DATASET EXCERPTS
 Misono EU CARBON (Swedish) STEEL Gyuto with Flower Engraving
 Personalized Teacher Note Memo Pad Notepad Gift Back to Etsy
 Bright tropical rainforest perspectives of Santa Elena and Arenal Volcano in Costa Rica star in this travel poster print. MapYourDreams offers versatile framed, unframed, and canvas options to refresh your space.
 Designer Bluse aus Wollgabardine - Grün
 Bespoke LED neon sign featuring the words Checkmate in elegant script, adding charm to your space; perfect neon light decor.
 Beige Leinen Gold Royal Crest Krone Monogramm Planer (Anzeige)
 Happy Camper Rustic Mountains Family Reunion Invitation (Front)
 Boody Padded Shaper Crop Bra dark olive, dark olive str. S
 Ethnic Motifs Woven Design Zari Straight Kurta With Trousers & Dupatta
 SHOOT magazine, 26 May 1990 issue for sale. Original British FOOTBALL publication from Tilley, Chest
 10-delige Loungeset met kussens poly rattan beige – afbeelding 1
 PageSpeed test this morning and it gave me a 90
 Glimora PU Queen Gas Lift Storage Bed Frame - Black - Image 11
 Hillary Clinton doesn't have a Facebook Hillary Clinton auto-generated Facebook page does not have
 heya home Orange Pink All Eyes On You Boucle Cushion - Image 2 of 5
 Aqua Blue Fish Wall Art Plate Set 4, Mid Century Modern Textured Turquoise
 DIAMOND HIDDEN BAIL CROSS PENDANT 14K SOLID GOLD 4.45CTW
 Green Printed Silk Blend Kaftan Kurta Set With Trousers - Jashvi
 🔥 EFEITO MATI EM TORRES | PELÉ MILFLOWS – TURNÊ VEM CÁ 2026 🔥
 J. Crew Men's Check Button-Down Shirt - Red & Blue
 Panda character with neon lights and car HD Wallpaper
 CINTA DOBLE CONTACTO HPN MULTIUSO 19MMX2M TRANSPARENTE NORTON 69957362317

TASK PROMPT
Give every record again, exactly as it appears.

RESPONSE TO THE TASK
 Misono EU CARBON (Swedish) STEEL Gyuto with Flower Engraving
 Personalized Teacher Note Memo Pad Notepad Gift Back to Etsy
 Bright tropical rainforest perspectives of Santa Elena and Arenal Volcano in Costa Rica star in this travel poster print. MapYourDreams offers versatile framed, unframed, and canvas options to refresh your space.
 Designer Bluse aus Wollgabardine - Grün
 Bespoke LED neon sign featuring the words Checkmate in elegant script, adding charm to your space; perfect neon light decor.
 Beige Leinen Gold Royal Crest Krone Monogramm Planer (Anzeige)
 Happy Camper Rustic Mountains Family Reunion Invitation (Front)
 Boody Padded Shaper Crop Bra dark olive, dark olive str. S
 Ethnic Motifs Woven Design Zari Straight Kurta With Trousers & Dupatta
 SHOOT magazine, 26 May 1990 issue for sale. Original British FOOTBALL publication from Tilley, Chest
 10-delige Loungeset met kussens poly rattan beige – afbeelding 1
 PageSpeed test this morning and it gave me a 90
 Glimora PU Queen Gas Lift Storage Bed Frame - Black - Image 11
 Hillary Clinton doesn't have a Facebook Hillary Clinton auto-generated Facebook page does not have
 heya home Orange Pink All Eyes On You Boucle Cushion - Image 2 of 5
 Aqua Blue Fish Wall Art Plate Set 4, Mid Century Modern Textured Turquoise
 DIAMOND HIDDEN BAIL CROSS PENDANT 14K SOLID GOLD 4.45CTW
 Green Printed Silk Blend Kaftan Kurta Set With Trousers - Jashvi
 🔥 EFEITO MATI EM TORRES | PELÉ MILFLOWS – TURNÊ VEM CÁ 2026 🔥
 J. Crew Men's Check Button-Down Shirt - Red & Blue
 Panda character with neon lights and car HD Wallpaper
 CINTA DOBLE CONTACTO HPN MULTIUSO 19MMX2M TRANSPARENTE NORTON 69957362317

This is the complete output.